To do:
An exact copy, beginning at the line containing "Outsunny Pop-Up Screen House - Black" and ending at the final line of the records that follow, is the answer; it has no pictures and no other text.

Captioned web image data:
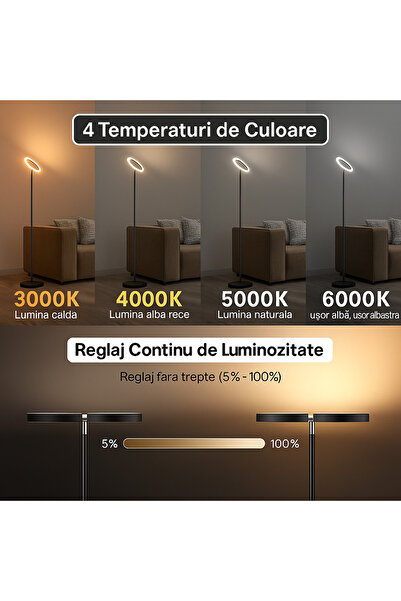 TnsAround Lampa de Podea Premium LED TNS®, Lumina Reglabila, Picior Inalt 170cm, Control Tactil si Telecomanda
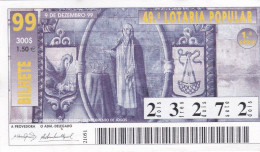 PORTUGAL LOTTERY TICKET 1999 - Billetes De Lotería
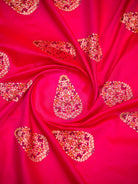 Pink Orange Meenakari Booti Katan Silk Handloom Banarasi Suit - Sacred Weaves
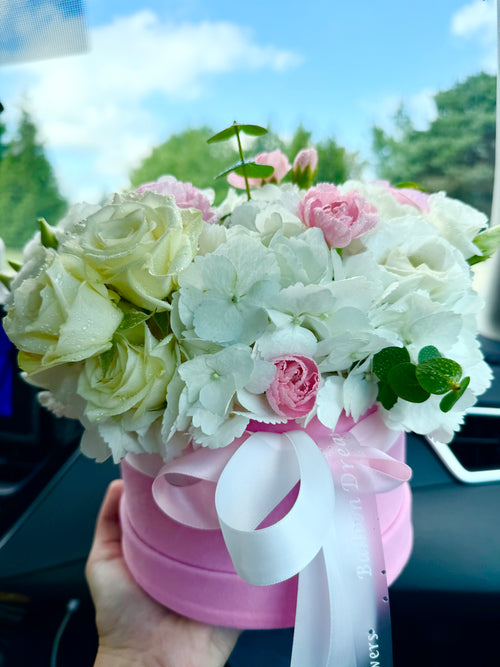 Blush Elegance Floral Hat Box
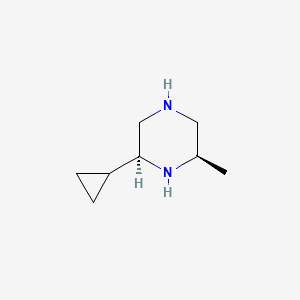 molecular formula C8H16N2 B14018090 (2S,6R)-2-cyclopropyl-6-methyl-piperazine 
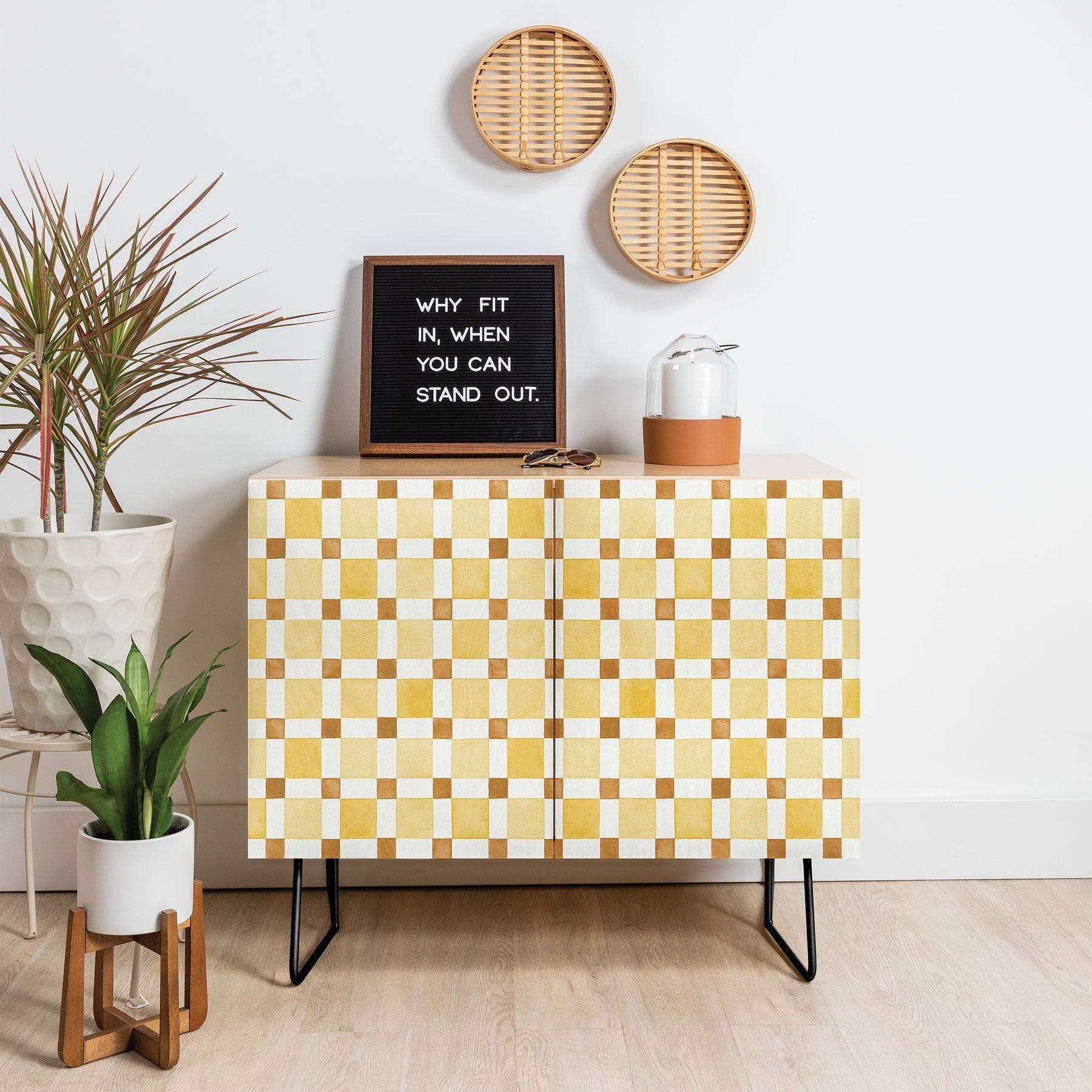 Ninola Design Everyday Artifact Checker Mosaic Tiles Geometry Yellow Credenza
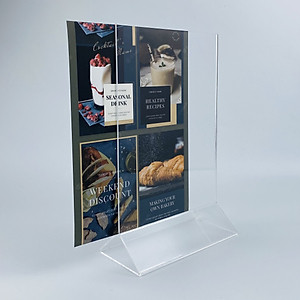 Kệ mica 2 mặt Enter E02 150x210mm chân tam giác A5 đứng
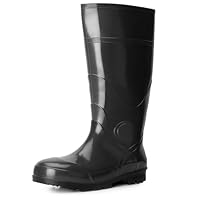 Ladeheid Men's PVC Wellington Boots Rubber Boots Wellies Rain Boots LA-914 (Black, 12 UK)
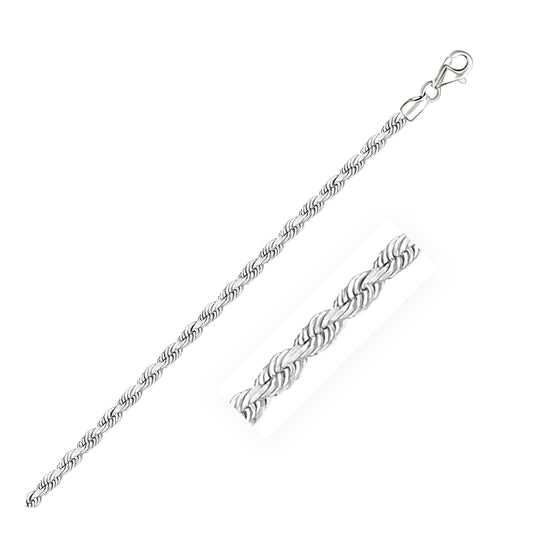 14k White Gold Solid Diamond Cut Rope Bracelet (3.00 mm)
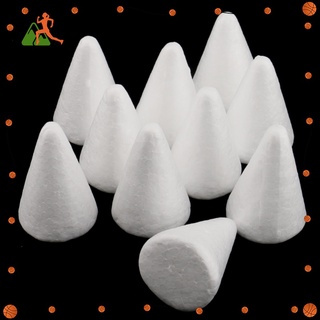 [BuyMoreFun] Material de espuma de poliestireno de poliestireno en forma de cono de 10 x adornos de bricolaje 7 cm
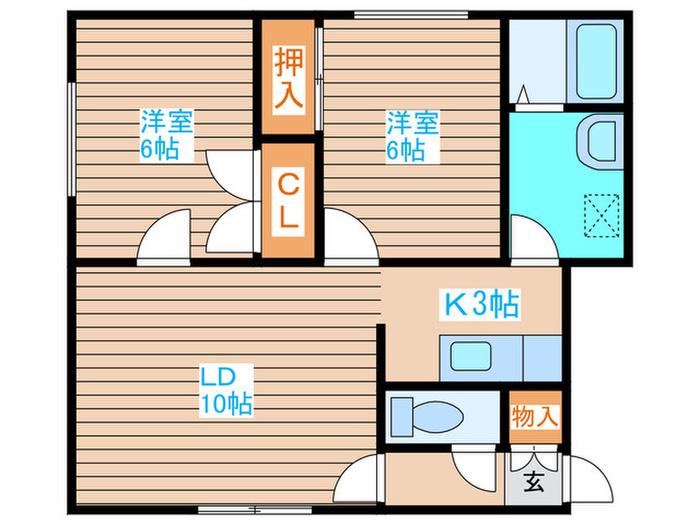 SKニューハイム(2LDK/2階)の間取り写真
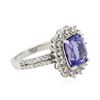 Image 2 : 14KT White Gold 3.02 ctw Tanzanite and Diamond Ring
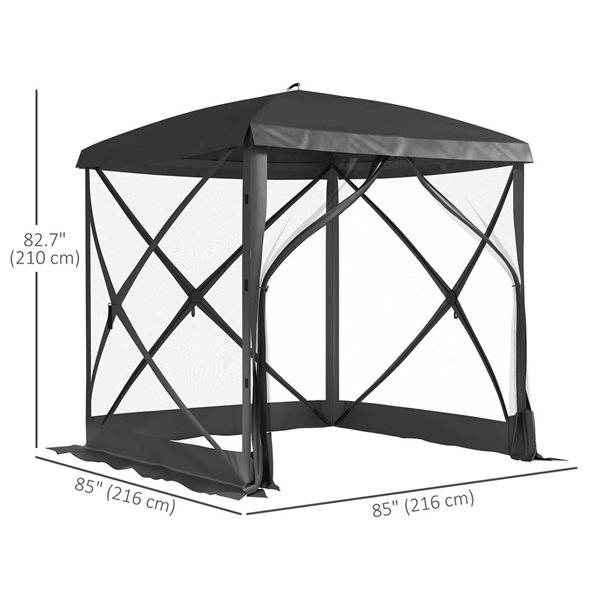 Outsunny Pop-Up Screen House - Black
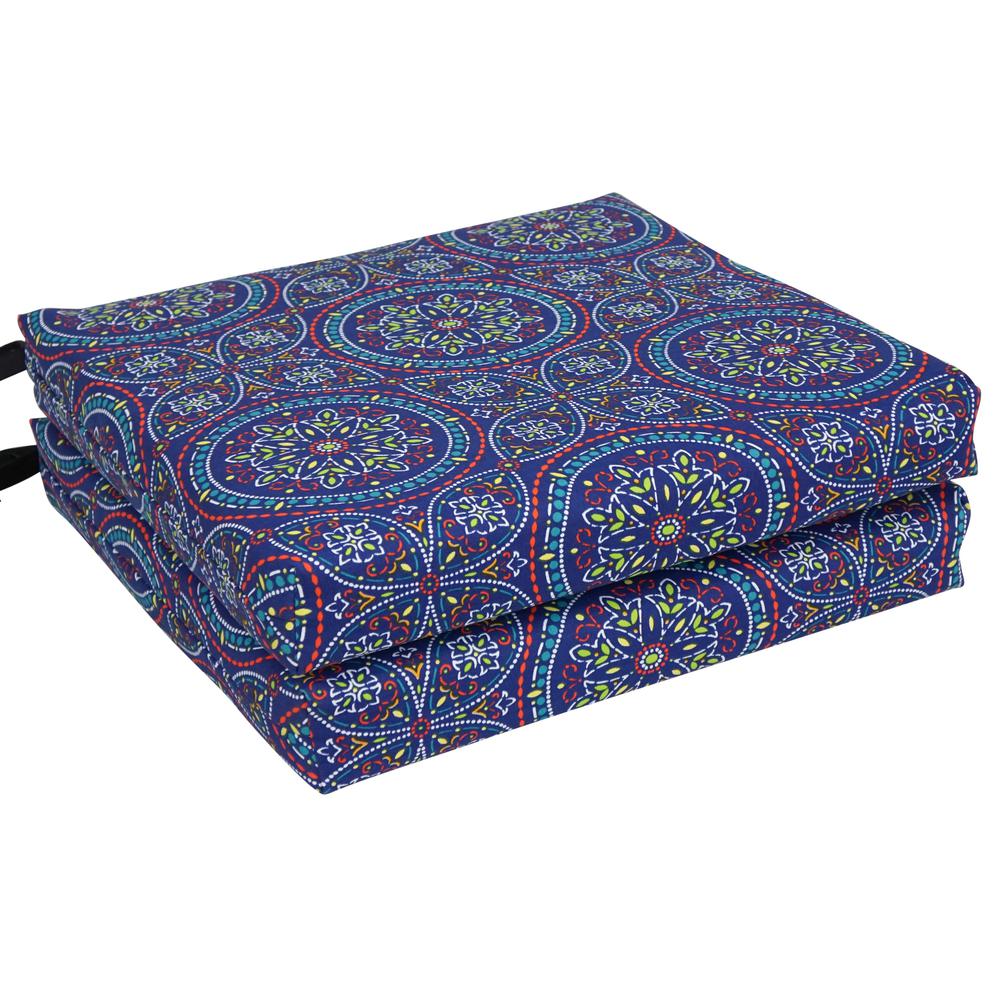 20-inch by 19-inch Patterned Outdoor Chair Cushions (Set of 4)  93454-4CH-OD-100. Picture 1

Output of the task:
 Outsunny Pop-Up Screen House - Black
 20-inch by 19-inch Patterned Outdoor Chair Cushions (Set of 4)  93454-4CH-OD-100. Picture 1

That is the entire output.